28. The Haunted Castle: An investigation into a man and his daughter's disappearance leads to the team confronting their own fears.

29. The Giant King: When the son of old friend falls ill, Robin and the team seek out the last of a race of Irish giants with healing breath. But when the young man is cured, he becomes a tyrant.

30. Sword of the Samurai: Robin teams up with an aspiring samurai to retrieve a sword from the evil Count Frederick.

31. Robinville: A visit to a celebration in Robin's honor turns chaotic when the son of the man Robin freed the town from seeks revenge.

32. Vanishing Act: When Marion, and later Little John's sister Ingrid, go missing, Robin and Little John get help from a hermit to find them.

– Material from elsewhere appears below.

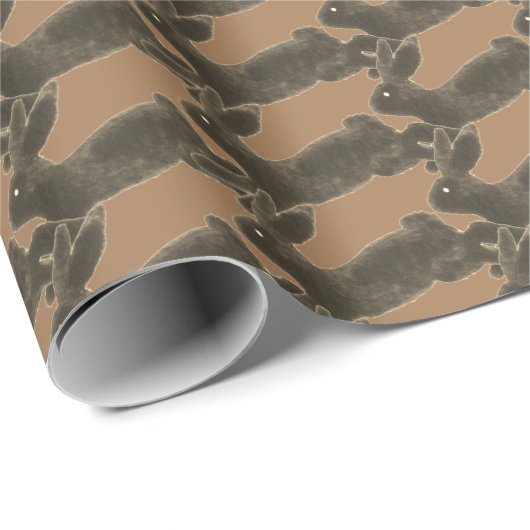 Schokolade Kaninchen auf Caramel Tan Whimsical Geschenkpapier (Rolleneckpunkt)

33. The Hunter: In a Predator-style episode, Rowena accidentally summons a creature who must collect seven warriors for a sacrifice that will enhance his power.

34. A Date with Destiny: Robin is sent back fifteen years and mistakenly alters history.

35. Orphans: Robin must rescue a young boy from an evil knight who seeks to overthrow his cousin, a queen.

36. The Assassin: Robin and the team must keep three nobles safe from a shapeshifting assassin.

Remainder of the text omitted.